Segment Start: Records
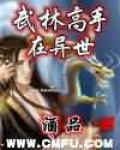 武林高手在异界完本txt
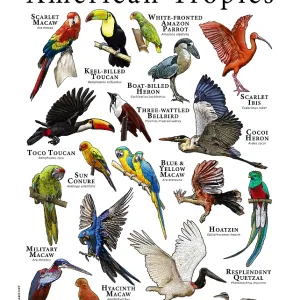 Birds of Prey of Mexico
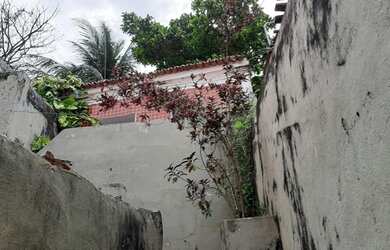 Imagem 7: Casarão centro Casa com 2 dormitórios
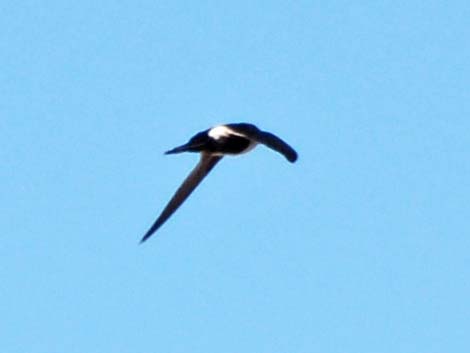 White-throated Swift (Aeronautes saxatalis)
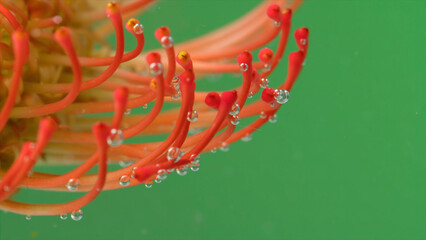 Close-up of bright flower stamens with bubbles. Stock footage. Exotic flower under water with bubbles on isolated background. Bubbles on stamens of flower under water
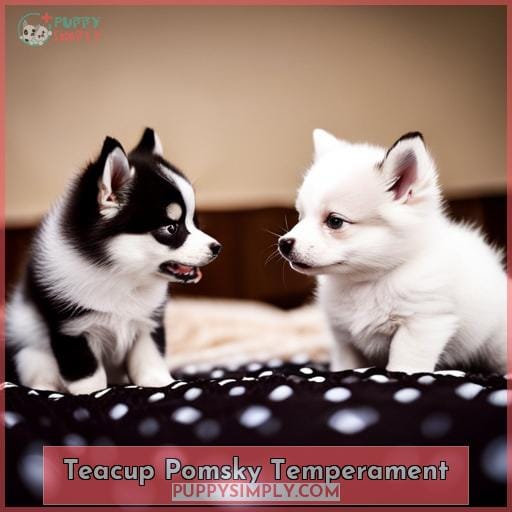 Teacup Pomsky Temperament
Segment End: Records
### Task description:
Write out exactly, and only, the lines from the line holding "Birds of Prey of Mexico" through the end of the data, inclusive, without any pictures.

### Answer section:
 Birds of Prey of Mexico
 Imagem 7: Casarão centro Casa com 2 dormitórios
 White-throated Swift (Aeronautes saxatalis)
 Close-up of bright flower stamens with bubbles. Stock footage. Exotic flower under water with bubbles on isolated background. Bubbles on stamens of flower under water
 Teacup Pomsky Temperament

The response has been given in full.